PhytoData-MCP solves the problem of siloed plant genomics databases by exposing the four most important plant genomics databases as Model Context Protocol (MCP) tools. This allows LLMs (like Claude) to autonomously chain queries together and build a complete picture of a single gene's function, pathway membership, cross-species conservation, and protein behavior.

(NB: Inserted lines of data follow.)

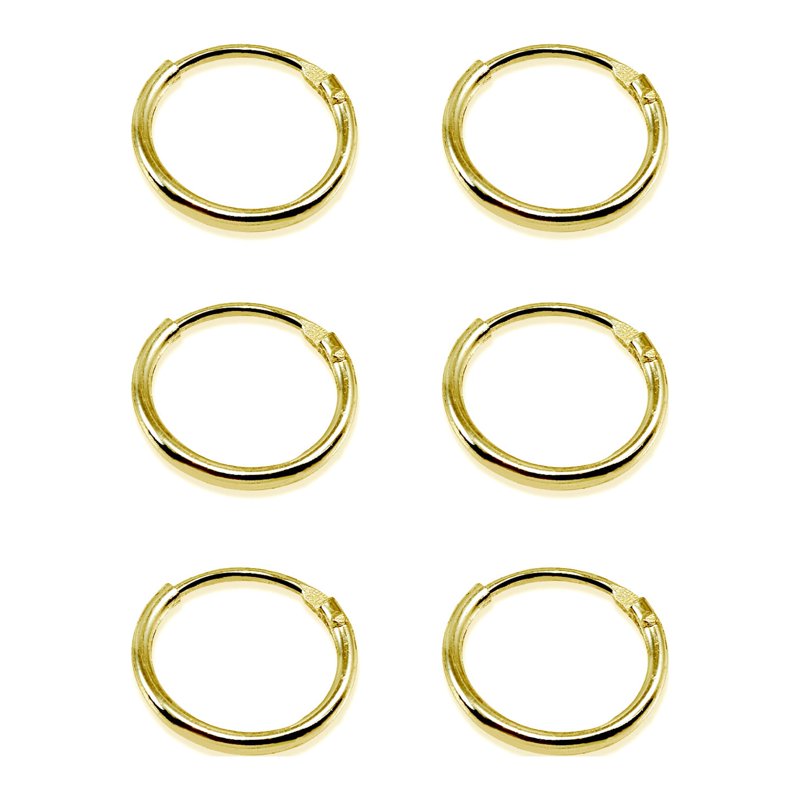 Small 10mm Endless Hoop Earrings Set - Gold Silver Black Rose Gold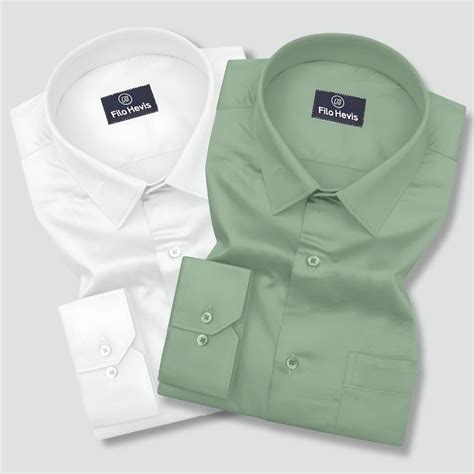 Combo of 2 Premium Cotton Formal Shirts – White & Pista Green | Single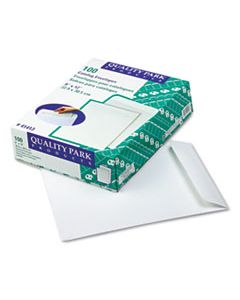 QUA41413 CATALOG ENVELOPE, #10 1/2, CHEESE BLADE FLAP, GUMMED CLOSURE, 9 X 12, WHITE, 100/BOX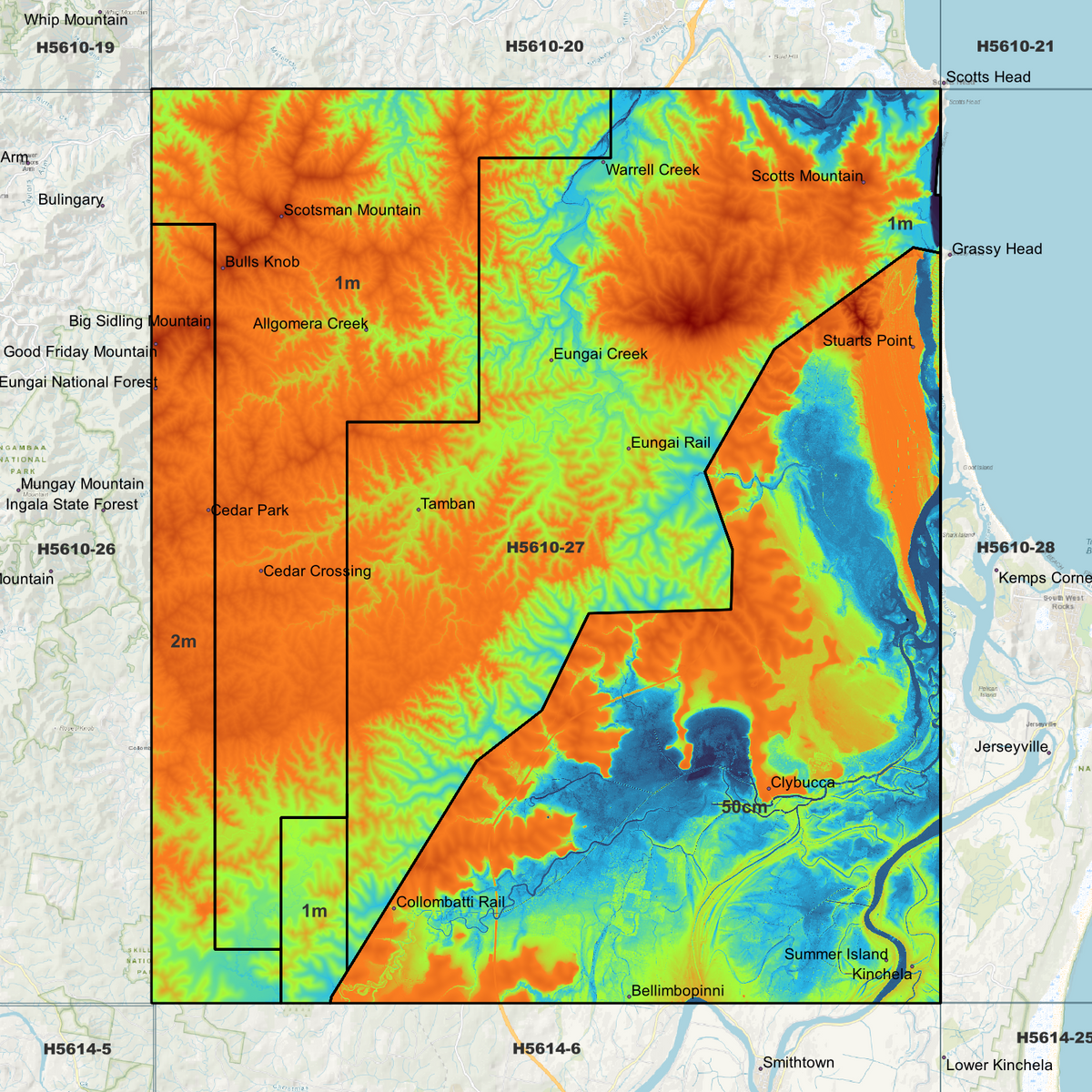 Warrell 50cm, 1m & 2m Digital Elevation Models (H5610-27)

![PyPI version](https://img.shields.io/pypi/v/phytodata-mcp)
![Python](https://img.shields.io/pypi/pyversions/phytodata-mcp)
![License: MIT](https://img.shields.io/badge/License-MIT-yellow.svg)

## Features

- **PhytoMine (Phytozome):** Query GO terms, Pfam domains, and KO IDs for given genes.
- **KEGG:** Look up pathways from KO IDs or EC numbers.
- **Ensembl Plants:** Find orthologous genes across multiple crop species.
- **UniProt (Upcoming):** Subcellular localization and protein domains.

## Installation

You can install `phytodata-mcp` directly from python:

```bash
pip install phytodata-mcp
```

### Development Installation

To install for development, with testing dependencies:

```bash
git clone https://github.com/zaeyasa/phytodata-mcp.git
cd phytodata-mcp
pip install -e .[dev]
```

## Claude Desktop Configuration

Add the server to your `claude_desktop_config.json`:

```json
{
  "mcpServers": {
    "phytodata": {
      "command": "phytodata-mcp"
    }
  }
}
```

## Usage Example

Once connected, you can ask Claude questions like:

> *"Fetch the gene info for AT3G24650 in Arabidopsis, identify its KEGG pathway, and find its orthologs in wheat and tomato."*

The LLM will automatically chain:
1. `phytomine_gene_info` -> Retrieves KO ID
2. `kegg_pathway_lookup` -> Uses KO ID to find pathways
3. `ensembl_plants_orthologs` -> Matches gene across target crops

## Tools Reference

- **`phytomine_gene_info`**: Requires `gene_id` and `organism`.
- **`kegg_pathway_lookup`**: Requires `ko_id` or `ec_number`.
- **`ensembl_plants_orthologs`**: Requires `gene_id` and `target_species` (can use `"all_crops"`).

## License

This project is licensed under the MIT License.